Politikwissenschaftler Peter Filzmaier führte im Gespräch mit ORF-Redakteur Erik Sandner auch ein demokratiepolitisches Problem als Grund für die Abgänge an. Aufgrund ihres Negativ-Images scheine die Politik nicht mehr attraktiv, so Filzmair - Politiker fänden keine große soziale Anerkennung mehr. Diese Einstellung erscheine zwar aufgrund einzelner Skandalfälle als logische Konsequenz, sei aber sehr gefährlich. Denn letztlich brauche man Volksvertreter und auch engagierte Kandidaten, so Filzmair.
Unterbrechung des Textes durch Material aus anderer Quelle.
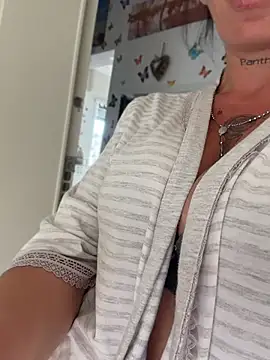 Partenope_Girl webcam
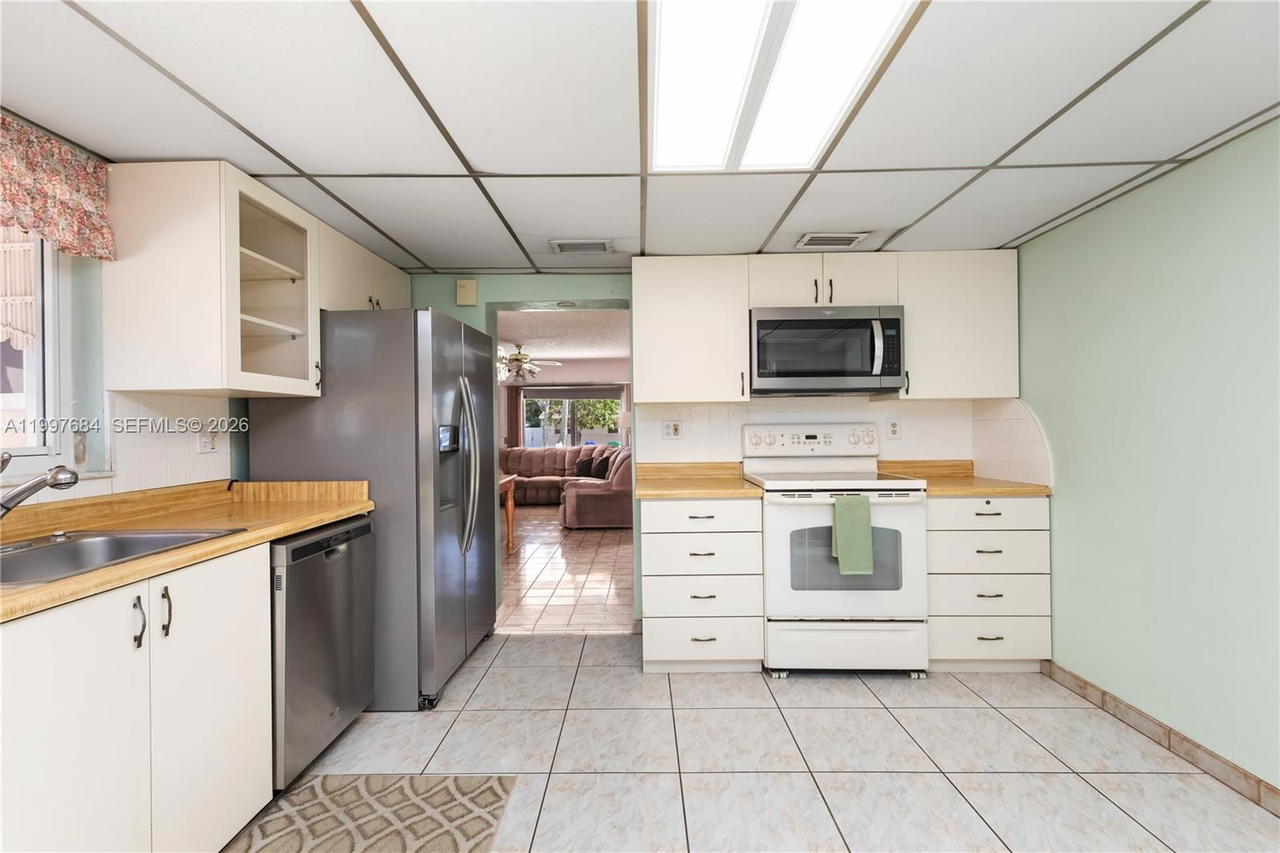 Real estate property located at 6441 23rd St, Broward, Welwyn Park, Miramar, FL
„Jüngere und liberaler eingestellte Kandidaten“

Es wäre eine naheliegende Strategie, vor allem aus dem Bereich der Wirtschaft jüngere und besonders liberal eingestellte Kandidaten aufzustellen - dies werde auch erwartungsgemäß die Vorgehensweise von NEOS sein, sagt Filzmair. Die Frage sei, ob sich in diesem Wettbewerb überhaupt genug mögliche Volksvertreter finden würden. Denn der Wähler wolle Vielfalt und möglichst viele Kandidaten im Wettbewerb - egal für welche politische Partei er sich entscheide.

Die Zielgruppe der ÖVP, die die absolute Mehrheit in Vorarlberg verteidigen will, wird laut Filzmair zwangsläufig die Generation 50+ sein. Das erkläre sich allein durch die Altersverteilung in der Bevölkerung. Die Strategie der NEOS könne aber eine andere sein. Hier gehe es um den Einzug in den Landtag, deshalb könne man sich auf kleinere Zielgruppen - etwa speziell auf jüngere Wähler - konzentrieren.

„ÖVP muss Risikostrategie fahren“

Zur Frage, ob es nicht insgesamt ein großes Risiko der ÖVP sei, ein halbes Jahr vor der Landtagswahl die halbe Mannschaft auszutauschen, erklärte Filzmaier, dass die Volkspartei reagieren müsse. Mit einem Routinewahlkampf, also auch mit derselben Kandidatenliste, könnte die die ÖVP nicht mehr gewinnen, glaubt Filzmaier. Allein durch die größere Zahl an Parteien würden Stimmen abwandern - insofern sei eine Risikostrategie mit neuen Kandidaten nachvollziehbar.